Additionally, the record is silent as to whether Officer Thorton accessed the secret compartment in that fashion as a matter of necessity or whether he did so to avoid any booby traps.

¶ 48 Here, the officers lawfully stopped the SUV. Additionally, a reasonable person would believe that defendant was trying to secret away contraband where (1) for an extended period of time, he repeatedly disobeyed orders to show his hands; (2) he continuously made movements in the console area; and (3) he subsequently provided police officers with a false identity. Thus, the automobile exception to the warrant requirement applies. In light of our determination, we need not consider the parties' arguments with respect to other exceptions. Cf. People v. Estrada, 394 Ill. App. 3d 611, 619-21 (2009) (after finding the initial stop was improper, the reviewing court added in dicta that the search incident to arrest doctrine did not apply). Because defendant has not shown that a motion to suppress evidence would have succeeded, trial counsel was not ineffective for failing to file one.

¶ 49 D. Sentencing

¶ 50 Finally, defendant asserts that at sentencing, the trial court improperly considered his prior AUUW convictions (case nos. 02CR0641601 & 02CR0934101) as aggravating factors because our supreme court held in People v. Aguilar, 2013 IL 112116, ¶ 22, and People v. Burns, 2015 IL 117387, ¶ 20, that the specific AUUW statute on which those convictions are based (720 ILCS 24-1.6(a)(1), (a)(3)(A) (West 2002)) is unconstitutional. The State does not dispute that the prior AUUW convictions were unconstitutional but, instead, responds that defendant cannot show the prior convictions affected his sentence given his lengthy criminal record.
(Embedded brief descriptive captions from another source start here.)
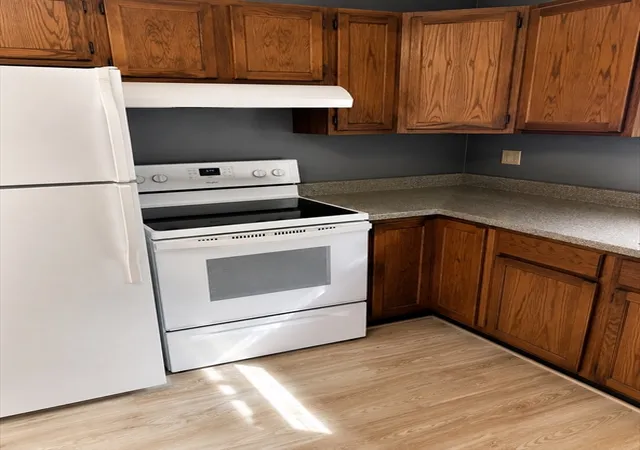 1st image of 96 Brook St #96, Holyoke, MA 01040 | MLS# 73560271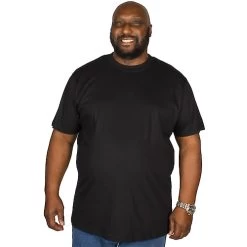 Bigdude Plain Crew Neck T-Shirt Black Tall -Urban Fit Shop img 1508 clipped rev 1 1
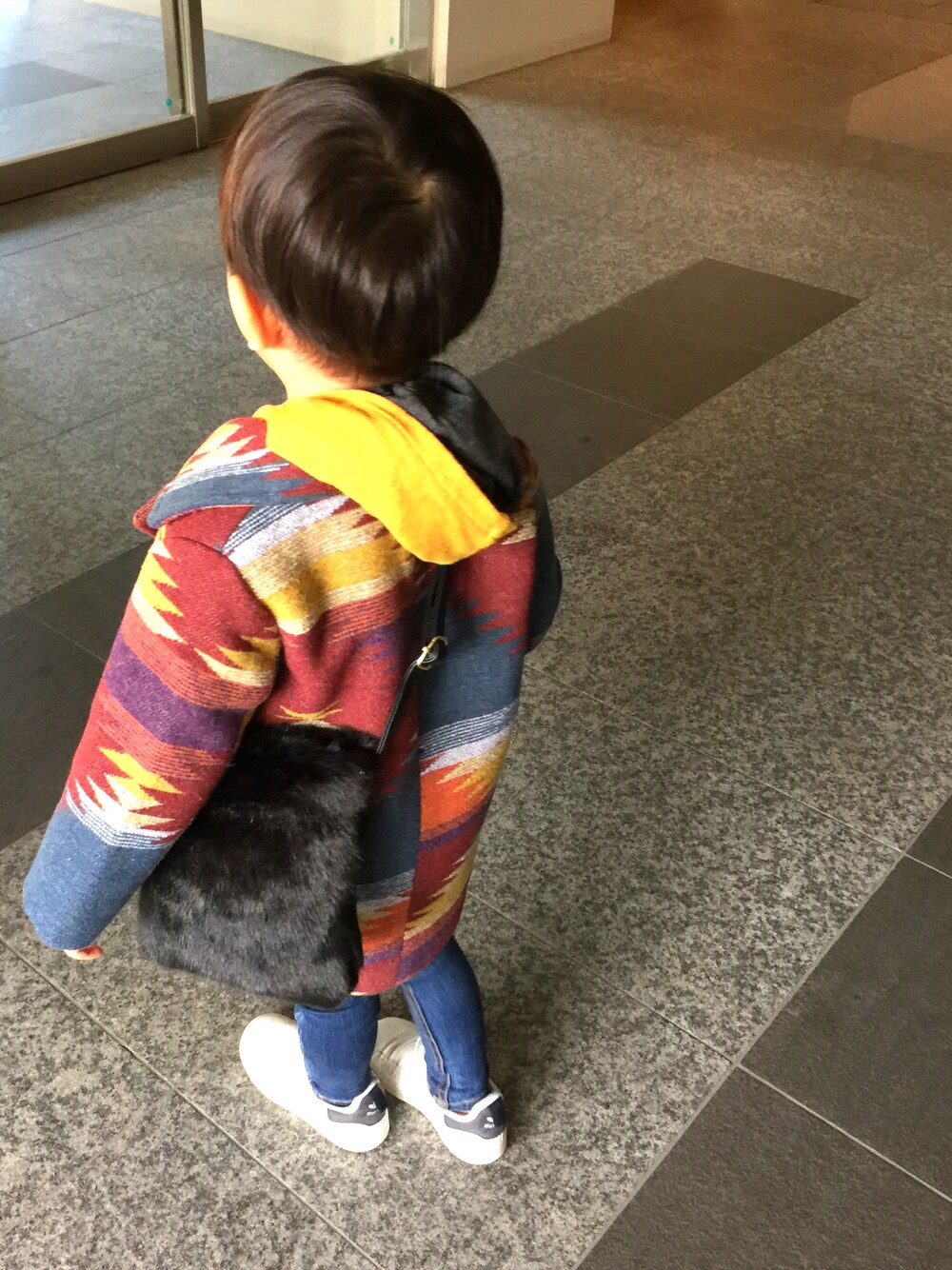 「kids、男の子、冬コーデ、キッズコーデ、コート、スキニーデニム」｜「adidasのベビー キッズ アディダス スタンスミス スリッポン adidas STAN SMITH 360 I S75223（スリッポン、ホワイト系）」を使った、★DERA★さん（キッズ・80cm）の秋コーディネートの1枚目の写真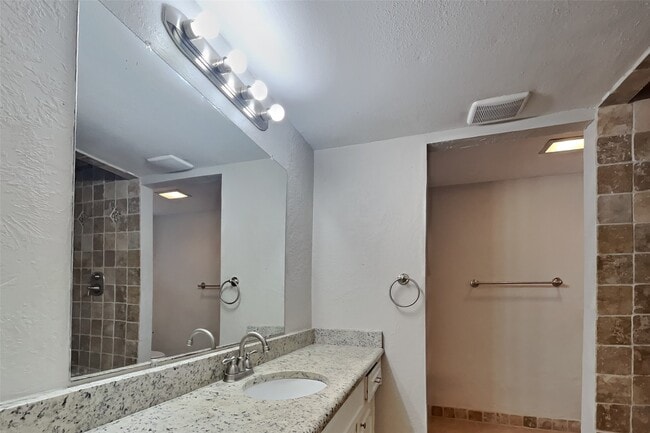 Building Photo - 2311 Whispering Wind Ln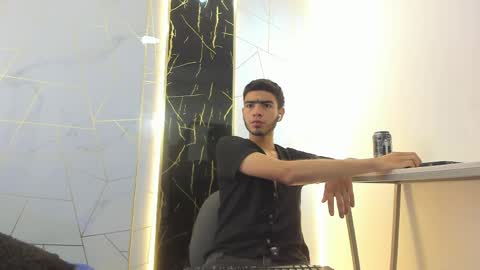 Snapshot of valentin_lux chatting on 03/23/26, 03:32 VALENTIN online show from 03/23/26, 03:32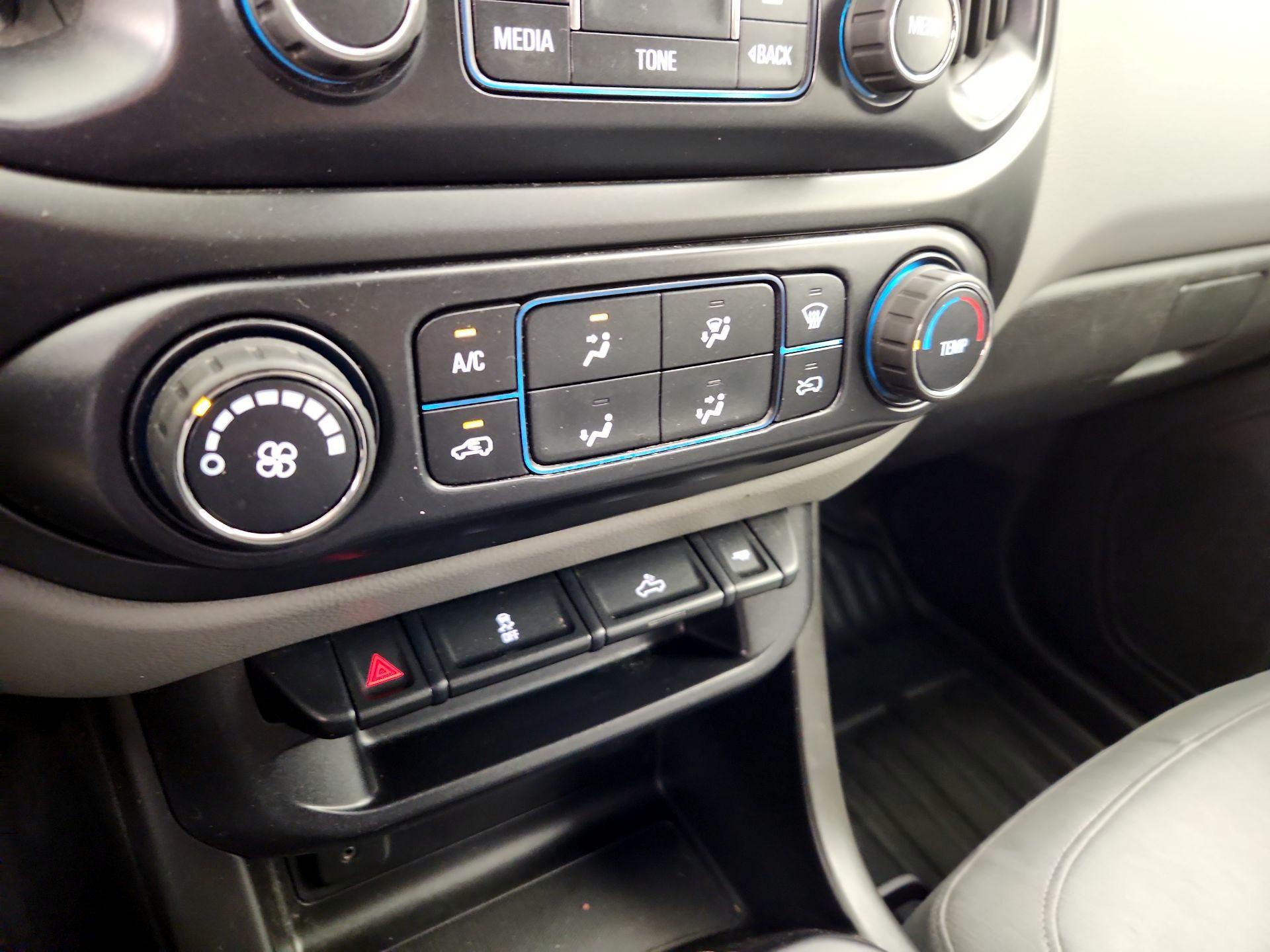 Thumbnail: 2016 Chevrolet Colorado - 16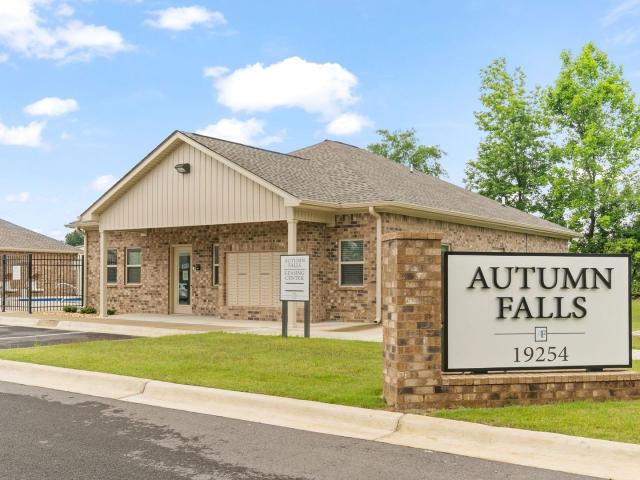 2 BR, 2 BA Apartment 19254 Autumn Falls Way Unit 2 beds, 2 baths, $1429, Athens, AL 35611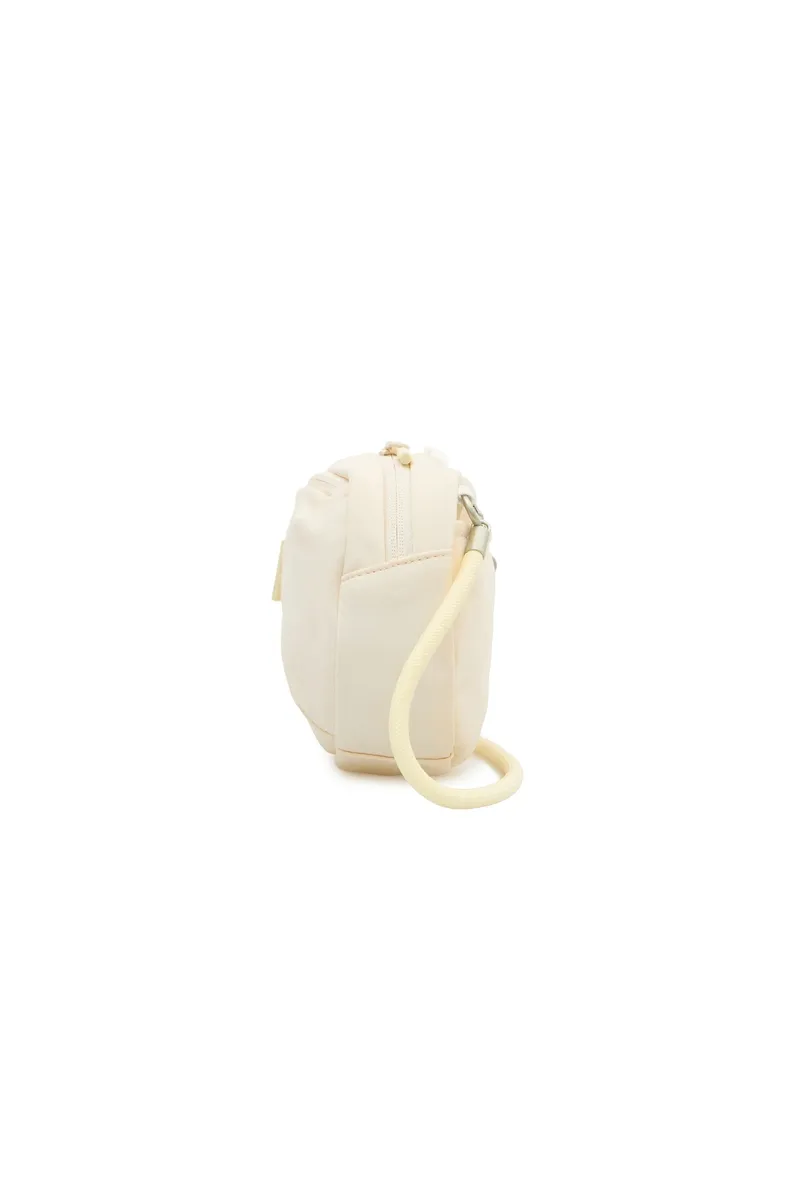 /uploads/crossbody_bag_cloud_beige_3_1200x1200_60d7aec562.jpg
¶ 51 The parties dispute the appropriate standard of review to be applied. While defendant contends that the issue of whether the trial court considered improper sentencing factors should be reviewed de novo, the State maintains that we must review sentencing proceedings for an

abuse of discretion. Case law supports both positions. Compare People v. Mauricio, 2014 IL App (2d) 121340, ¶ 15, with People v. Cotton, 393 Ill. App. 3d 237, 265 (2009). Under either standard, we would find that defendant is not entitled to resentencing. A reviewing court can affirm a sentence despite an improper aggravating factor where the record shows that the weight placed on that factor was so insignificant that it did not result in a greater sentence. People v. Heider, 231 Ill. 2d 1, 21 (2008).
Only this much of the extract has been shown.